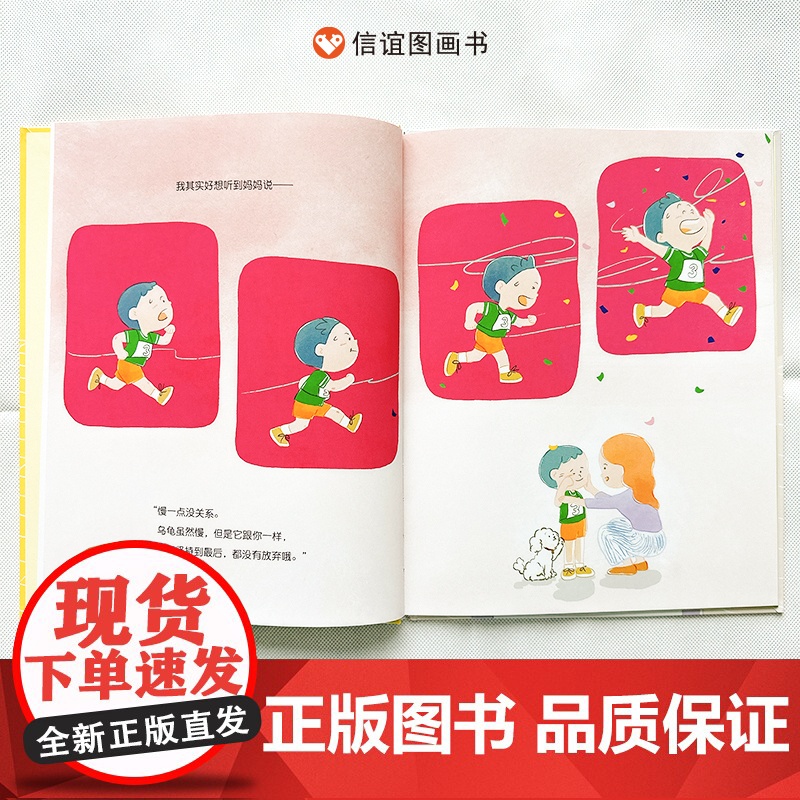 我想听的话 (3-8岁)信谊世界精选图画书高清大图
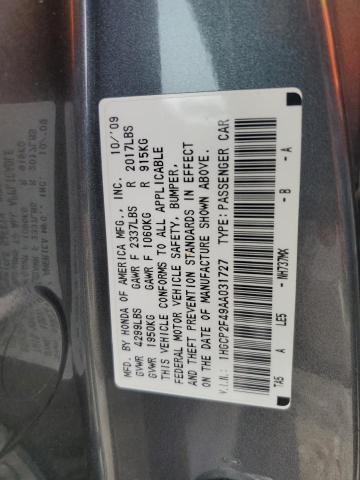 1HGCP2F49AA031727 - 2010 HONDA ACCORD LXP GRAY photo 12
---
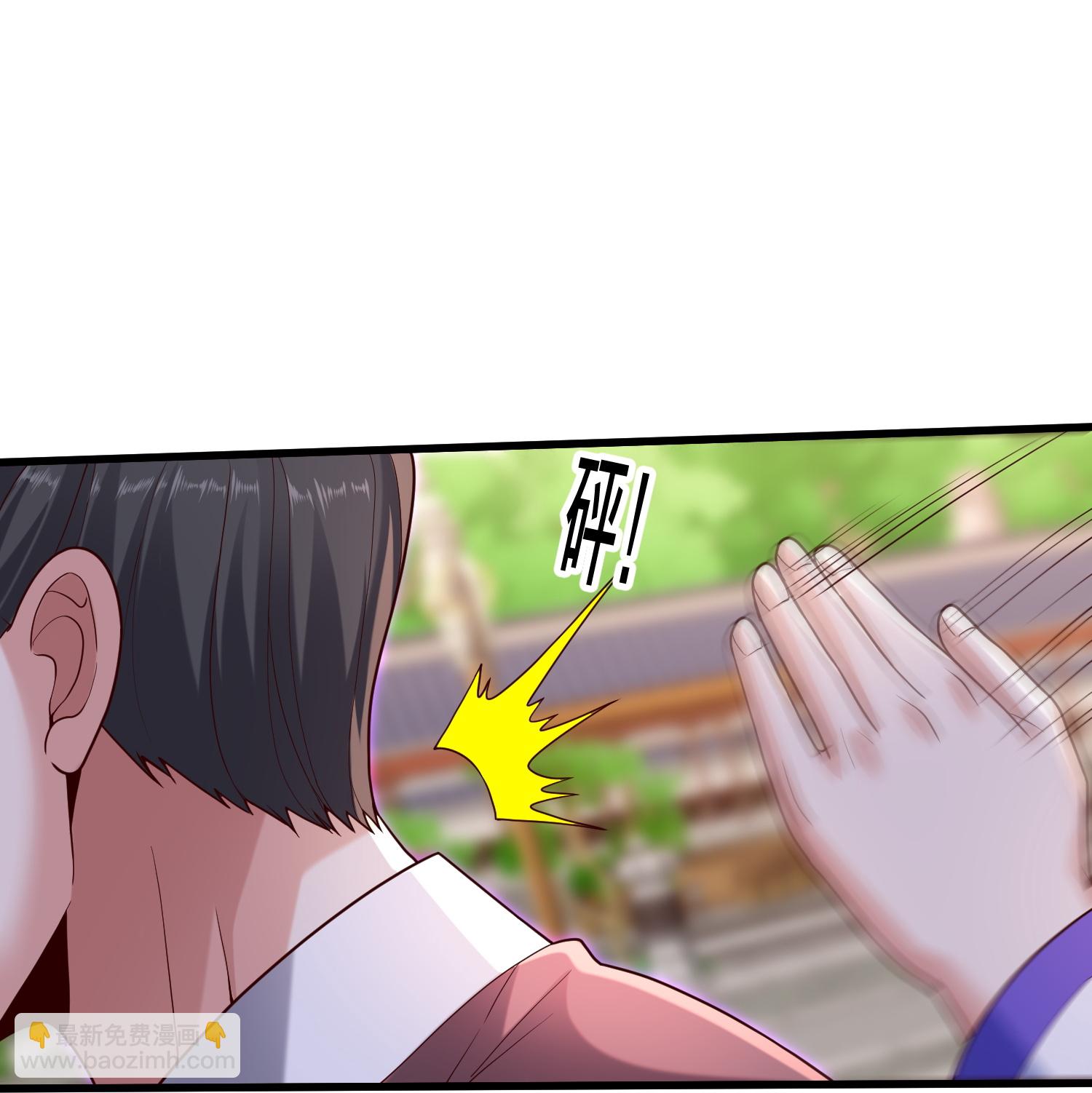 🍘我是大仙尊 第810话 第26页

* **Exercise requirements**
Look above for the line with "我想听的话 (3-8岁)信谊世界精选图画书高清大图", then print it and each line after it down to and including the line with "1HGCP2F49AA031727 - 2010". Leave out the pictures and keep the wording exact.

* **Solution for this problem**
 我想听的话 (3-8岁)信谊世界精选图画书高清大图
 1HGCP2F49AA031727 - 2010 HONDA ACCORD LXP GRAY photo 12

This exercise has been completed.